German government backs illegal attack on Syria

The attack of the imperialist powers on Syria must be condemned in the strongest terms. The military strikes that were carried out by the US, French and British forces on Friday night with the support of the German federal government are a violation of international law that threatens to trigger a conflict with Russia, the world’s second-greatest nuclear power.

Russia’s ambassador to Washington, Anatoly Antonov, said after the attack: “We have warned that such actions will not be without consequences.” On Sunday, Russian President Vladimir Putin warned the US and its Western allies against further air strikes on Syrian positions. This would “inevitably cause chaos in international relations,” Putin said.

The German government has backed this war crime and repeated the lies used to prepare it. The military mission was “necessary and appropriate” to “preserve the effectiveness of the international ban on the use of chemical weapons and to warn the Syrian regime of further violations,” said Chancellor Angela Merkel (Christian Democratic Union, CDU) on Saturday in Berlin.

The attack on Syria, just like the Iraq war 15 years ago, was justified by lies. For the Syrian regime, the alleged poison gas attack in the city of Duma “made absolutely no sense,” explained Günter Meyer, professor at the Department of Geography of the Johannes Gutenberg University in Mainz and chairman of the German Middle East Studies Association (DAVO), speaking on public broadcaster Hessischer Rundfunk. “If there has ever been such an attack,” it can be assumed that it was a “false flag” attack, he continued. The Syrian “White Helmets” had previously staged “a variety of similar incidents.”

The attack on Syria marks a new stage of imperialist aggression, not only against Syria but also against Russia. This underscores the reaction of politicians and editorialists in Germany. Immediately after the attack, Social Democratic Foreign Minister Heiko Maas called for the establishment of a transitional government in Damascus and a tougher stance against Russia.

In an interview with German new magazine Der Spiegel, Maas also indicated that Germany could directly participate in further military action against Syria. “I’m not a pacifist,” he emphasized. From the “special German history” he had “concluded that we always have to do everything possible to avoid armed conflicts, but unfortunately there may be moments in which in the ‘ ultima ratio ’ military means must be used.” Germany does not exclude itself from taking “military responsibility,” he said, and the cabinet had “this week alone extended two Bundeswehr mandates.”

What the German ruling class means by “ultima ratio” is underscored in a comment by Berthold Kohler in the Frankfurter Allgemeine Zeitung.
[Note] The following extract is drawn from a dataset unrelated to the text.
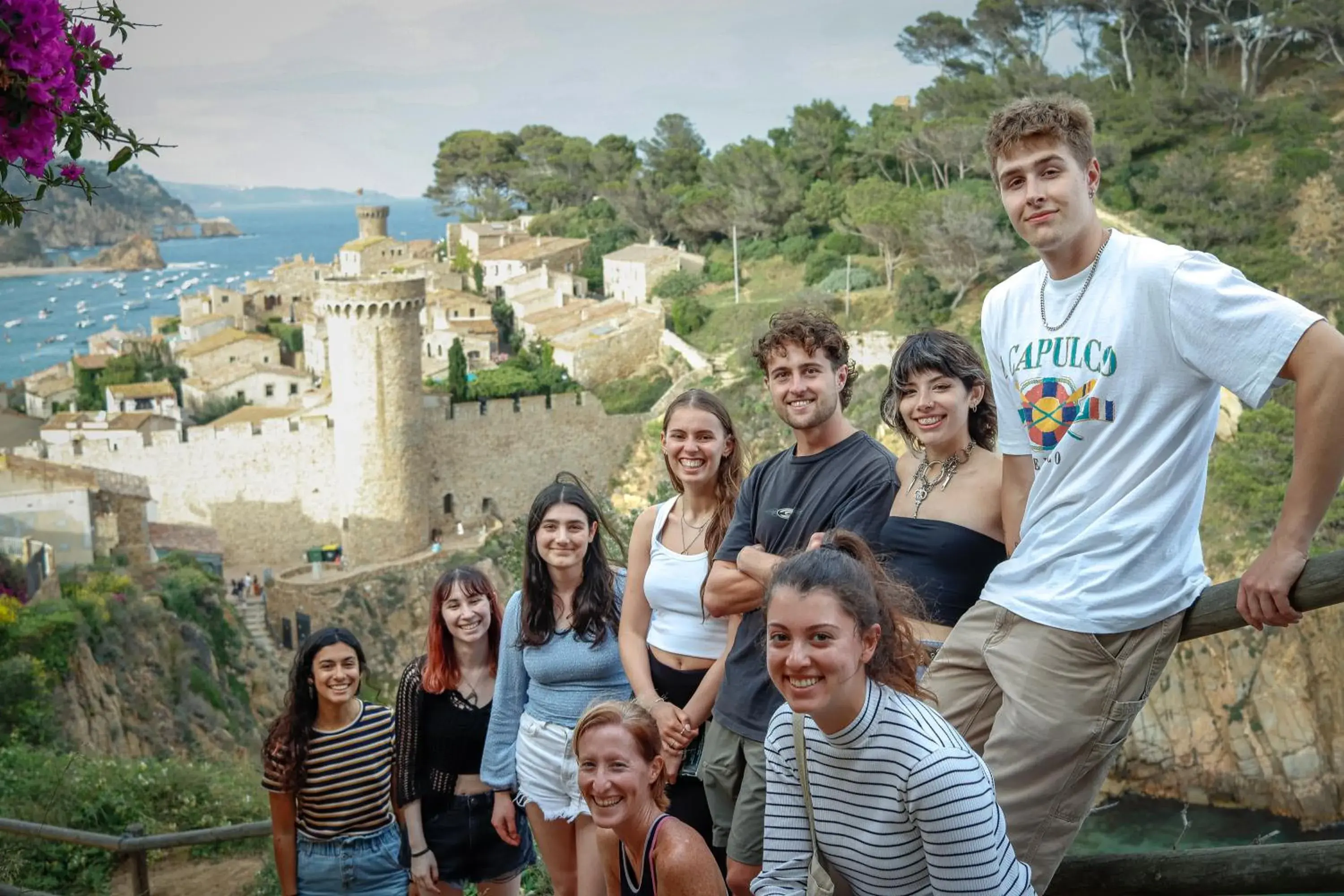 Mana Mana Youth Hostel Mana Mana Youth Hostel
The publisher of the FAZ bemoans the transformation of the United States under Trump “from a global power into a risk factor” and concludes that Germany must again become a military superpower to pursue its imperialist interests independently.

“The selfish child in the Oval Office” also “forces Germany to finally grow up in foreign policy,” writes Kohler. “It will not happen so quickly that the German Navy gets aircraft carriers and the Luftwaffe cruise missiles. But the willingness of Germany to assume more responsibility in the world in the face of Trumpism ... cannot be limited to applauding the French and the British when they take over the dangerous work in place of the American world sheriff.”
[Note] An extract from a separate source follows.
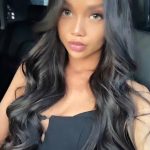 Эскорт модель Кира в Москве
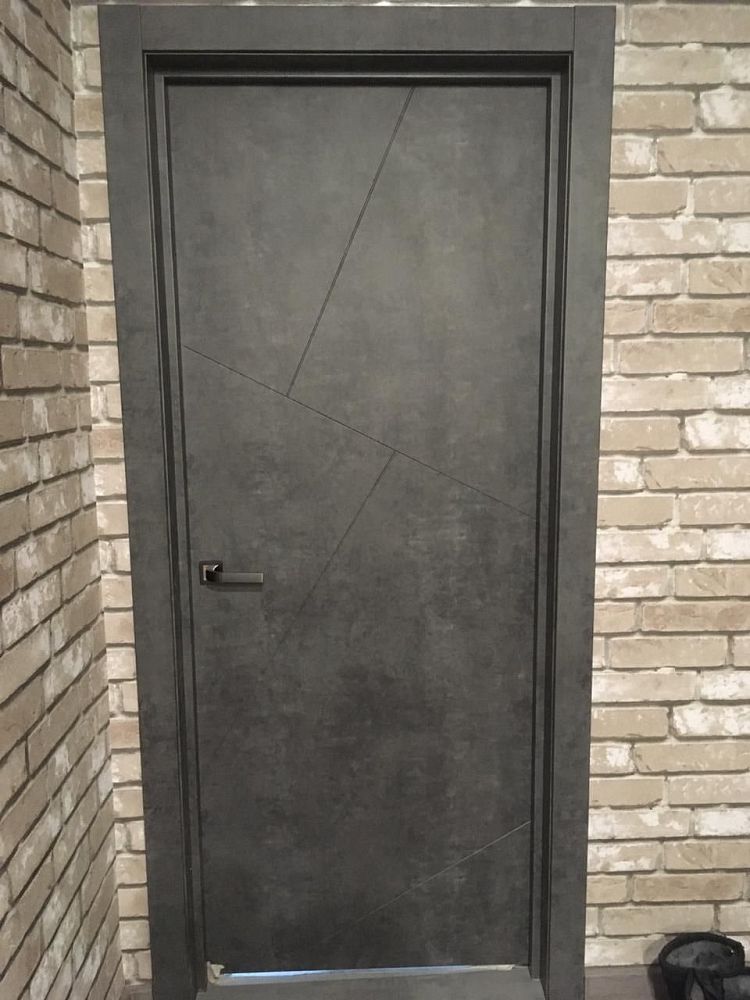 4-я Советская ул., 43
In the area of “soft power,” Germany “has already developed into a superpower. But anyone who wants Europe to become a serious security policy factor in the world … must not in the long run shy away from the burden-sharing of the tasks which are tough in many ways. The fundamental contradiction of German foreign policy to have high moral and humanitarian standards, but only a low readiness to enforce them ‘robustly’ in an emergency situation, cannot be solved in any way with unarmed reconnaissance flights.”

With the return of German militarism, the monstrous war and extermination fantasies of the Nazis come to life again. A comment by Jacques Schuster in the German daily Die Welt demands: “War against Assad should be guided by the goal and the question: Can the Assad regime be exterminated (Auslöschen) with a missile strike? Are Americans and Europeans ready to invade this country with hundreds of thousands of soldiers and at worst fight against Russians and Iranians?”

The language of the Nazis is back. With the term “Auslöschen” the Nazis had once described the extermination of the Jews. Now Kohler uses the same language for the Assad regime. And the last time “hundreds of thousands” of German soldiers fought against Russians was during “Operation Barbarossa,” the war of annihilation against the Soviet Union during the Second World War.

In the 20th century, two attempts by Germany to become a major military power ended in a catastrophe. The third “Griff nach der Weltmacht” (bid for world power) will also end in disaster if the working class does not intervene. Nobody should be fooled by the propaganda of all the parties in the Bundestag (German parliament) that German imperialism, in contrast to US imperialism—or Russia and China—stands for “democracy,” “peace” and “stability.”